▶ _Data_
--- START ---

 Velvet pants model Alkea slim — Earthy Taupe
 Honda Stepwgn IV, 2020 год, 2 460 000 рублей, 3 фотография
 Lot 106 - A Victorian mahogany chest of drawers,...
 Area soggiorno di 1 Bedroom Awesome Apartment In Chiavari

--- END ---
--- START ---

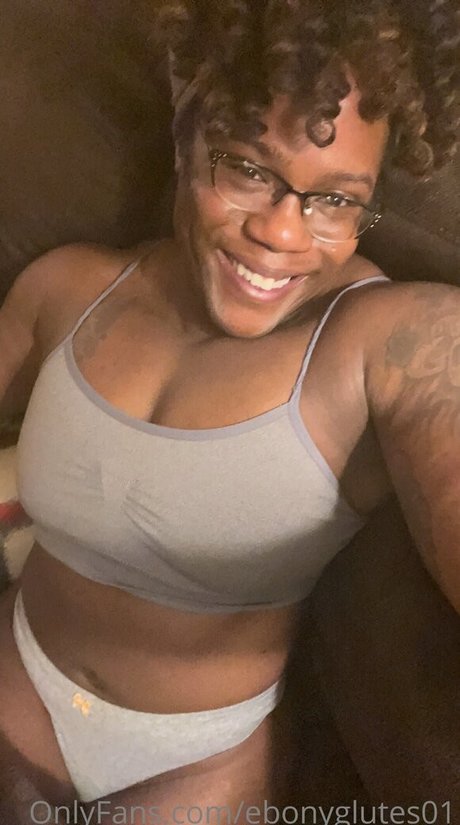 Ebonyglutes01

--- END ---
--- START ---

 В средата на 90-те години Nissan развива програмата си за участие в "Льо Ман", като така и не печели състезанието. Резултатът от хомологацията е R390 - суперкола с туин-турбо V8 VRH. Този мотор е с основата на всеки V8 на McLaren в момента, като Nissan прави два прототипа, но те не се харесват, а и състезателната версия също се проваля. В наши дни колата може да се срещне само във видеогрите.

--- END ---

▶ _Activity_
All that is needed is the exact run of lines above from the line containing "Lot 106 - A" through the line containing "Area soggiorno di", both of them included.

▶ _Answer space_
 Lot 106 - A Victorian mahogany chest of drawers,...
 Area soggiorno di 1 Bedroom Awesome Apartment In Chiavari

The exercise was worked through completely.